Chalcopyrit aus Peru

Die schwarze Matrix ist wahrscheinlich Schiefer. Manche Quellen nennen auch Steatit (Speckstein) als Matrix.

Namensherkunft: aus griech. chalkos Kupfer und pyros Feuer

Synonyme und Handelsnamen: Chalkopyrit, (Bunt-) Kupferkies, Gelbkupfererz Apachengold, Narren- o. Katzengold.

Als Apachen-, Narren- oder Katzengold werden allerdings auch Pyrit und Pyritachat bezeichnet.

Verwechslungsmöglichkeiten: mit Pyritachat. Reiner Chalcopyrit (ohne Matrix) wird leicht mit Pyrit verwechselt. Chalcopyrit zeigt aber ein intensiveres, sehr leicht grünstichiges Gelb.

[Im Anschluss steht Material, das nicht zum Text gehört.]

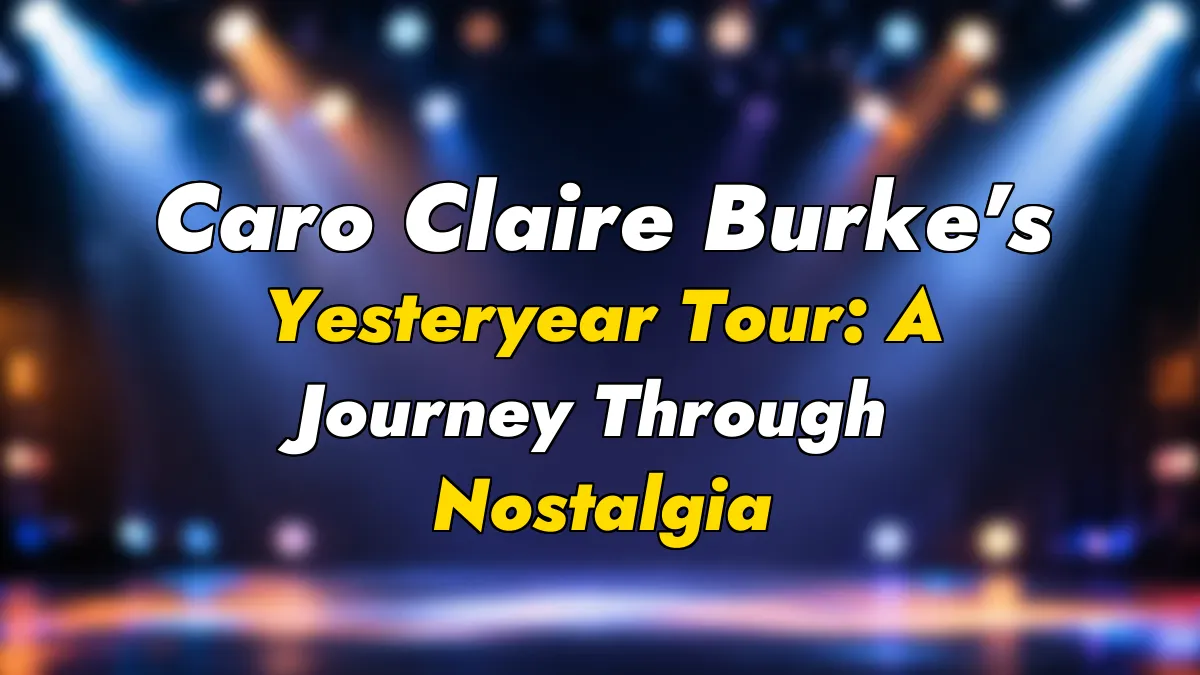 Caro Claire Burke’s Yesteryear Tour: A Journey Through Nostalgia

Vorkommen: sehr häufig. Mindat listet mehr als 20.000 Fundstellen auf allen Kontinenten. Sogar auf Grönland gibt es zwei Vorkommen.

Im Schmuck wird hauptsächlich Chalcopyrit mit schwarzer Matrix verwendet. Wichtige Vorkommen hierfür liegen in Peru und in Arizona, USA.

Verarbeitung: Chalcopyrit ist weich, spröde, hitze- u. säureempfindlich.

Wissenswertes: die Strichfarbe von Chalcopyrit ist ein charakteristisches grünliches Schwarz. Bei Oxidation zeigt Chalcopyrit bunte Anlauffarben, daher auch der Name "Buntkupferkies". Bei Erhitzen wird Chalcopyrit magnetisch.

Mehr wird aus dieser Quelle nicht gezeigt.